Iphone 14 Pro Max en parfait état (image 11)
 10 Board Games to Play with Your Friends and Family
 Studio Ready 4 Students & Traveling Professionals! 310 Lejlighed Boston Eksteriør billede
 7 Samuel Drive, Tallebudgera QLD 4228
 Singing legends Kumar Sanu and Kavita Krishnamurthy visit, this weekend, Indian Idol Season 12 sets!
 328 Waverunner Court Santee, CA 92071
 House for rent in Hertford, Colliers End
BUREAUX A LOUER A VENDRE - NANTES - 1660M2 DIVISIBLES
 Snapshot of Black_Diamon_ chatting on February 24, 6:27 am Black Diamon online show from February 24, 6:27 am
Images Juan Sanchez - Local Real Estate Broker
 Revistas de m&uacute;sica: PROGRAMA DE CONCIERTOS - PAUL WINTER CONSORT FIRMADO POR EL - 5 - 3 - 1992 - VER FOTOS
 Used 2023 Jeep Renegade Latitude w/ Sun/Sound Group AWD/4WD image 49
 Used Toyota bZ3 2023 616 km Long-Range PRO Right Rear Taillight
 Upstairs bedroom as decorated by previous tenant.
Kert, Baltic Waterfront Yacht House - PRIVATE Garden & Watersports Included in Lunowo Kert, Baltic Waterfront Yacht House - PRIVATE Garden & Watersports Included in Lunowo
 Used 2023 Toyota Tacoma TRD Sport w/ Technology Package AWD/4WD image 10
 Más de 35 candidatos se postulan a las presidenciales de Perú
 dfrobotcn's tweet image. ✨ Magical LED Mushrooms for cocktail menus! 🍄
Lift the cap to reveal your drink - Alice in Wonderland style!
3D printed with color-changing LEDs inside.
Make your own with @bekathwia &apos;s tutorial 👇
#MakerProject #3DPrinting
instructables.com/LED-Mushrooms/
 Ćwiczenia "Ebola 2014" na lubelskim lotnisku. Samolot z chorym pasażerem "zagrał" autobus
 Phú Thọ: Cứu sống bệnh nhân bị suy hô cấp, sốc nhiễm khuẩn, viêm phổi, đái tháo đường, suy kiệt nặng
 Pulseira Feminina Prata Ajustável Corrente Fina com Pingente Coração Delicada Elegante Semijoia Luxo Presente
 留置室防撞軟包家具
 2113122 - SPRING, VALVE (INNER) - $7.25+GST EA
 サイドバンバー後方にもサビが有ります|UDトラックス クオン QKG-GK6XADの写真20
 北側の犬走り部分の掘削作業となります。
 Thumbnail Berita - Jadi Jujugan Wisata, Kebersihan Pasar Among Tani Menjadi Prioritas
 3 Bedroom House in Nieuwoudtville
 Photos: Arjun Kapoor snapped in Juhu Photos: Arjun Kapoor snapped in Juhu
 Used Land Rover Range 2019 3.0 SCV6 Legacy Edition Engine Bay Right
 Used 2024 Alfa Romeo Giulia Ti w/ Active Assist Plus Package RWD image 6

Your assignment :: Every record must appear in the answer exactly as written.

Task answer ::
Iphone 14 Pro Max en parfait état (image 11)
 10 Board Games to Play with Your Friends and Family
 Studio Ready 4 Students & Traveling Professionals! 310 Lejlighed Boston Eksteriør billede
 7 Samuel Drive, Tallebudgera QLD 4228
 Singing legends Kumar Sanu and Kavita Krishnamurthy visit, this weekend, Indian Idol Season 12 sets!
 328 Waverunner Court Santee, CA 92071
 House for rent in Hertford, Colliers End
BUREAUX A LOUER A VENDRE - NANTES - 1660M2 DIVISIBLES
 Snapshot of Black_Diamon_ chatting on February 24, 6:27 am Black Diamon online show from February 24, 6:27 am
Images Juan Sanchez - Local Real Estate Broker
 Revistas de m&uacute;sica: PROGRAMA DE CONCIERTOS - PAUL WINTER CONSORT FIRMADO POR EL - 5 - 3 - 1992 - VER FOTOS
 Used 2023 Jeep Renegade Latitude w/ Sun/Sound Group AWD/4WD image 49
 Used Toyota bZ3 2023 616 km Long-Range PRO Right Rear Taillight
 Upstairs bedroom as decorated by previous tenant.
Kert, Baltic Waterfront Yacht House - PRIVATE Garden & Watersports Included in Lunowo Kert, Baltic Waterfront Yacht House - PRIVATE Garden & Watersports Included in Lunowo
 Used 2023 Toyota Tacoma TRD Sport w/ Technology Package AWD/4WD image 10
 Más de 35 candidatos se postulan a las presidenciales de Perú
 dfrobotcn's tweet image. ✨ Magical LED Mushrooms for cocktail menus! 🍄
Lift the cap to reveal your drink - Alice in Wonderland style!
3D printed with color-changing LEDs inside.
Make your own with @bekathwia &apos;s tutorial 👇
#MakerProject #3DPrinting
instructables.com/LED-Mushrooms/
 Ćwiczenia "Ebola 2014" na lubelskim lotnisku. Samolot z chorym pasażerem "zagrał" autobus
 Phú Thọ: Cứu sống bệnh nhân bị suy hô cấp, sốc nhiễm khuẩn, viêm phổi, đái tháo đường, suy kiệt nặng
 Pulseira Feminina Prata Ajustável Corrente Fina com Pingente Coração Delicada Elegante Semijoia Luxo Presente
 留置室防撞軟包家具
 2113122 - SPRING, VALVE (INNER) - $7.25+GST EA
 サイドバンバー後方にもサビが有ります|UDトラックス クオン QKG-GK6XADの写真20
 北側の犬走り部分の掘削作業となります。
 Thumbnail Berita - Jadi Jujugan Wisata, Kebersihan Pasar Among Tani Menjadi Prioritas
 3 Bedroom House in Nieuwoudtville
 Photos: Arjun Kapoor snapped in Juhu Photos: Arjun Kapoor snapped in Juhu
 Used Land Rover Range 2019 3.0 SCV6 Legacy Edition Engine Bay Right
 Used 2024 Alfa Romeo Giulia Ti w/ Active Assist Plus Package RWD image 6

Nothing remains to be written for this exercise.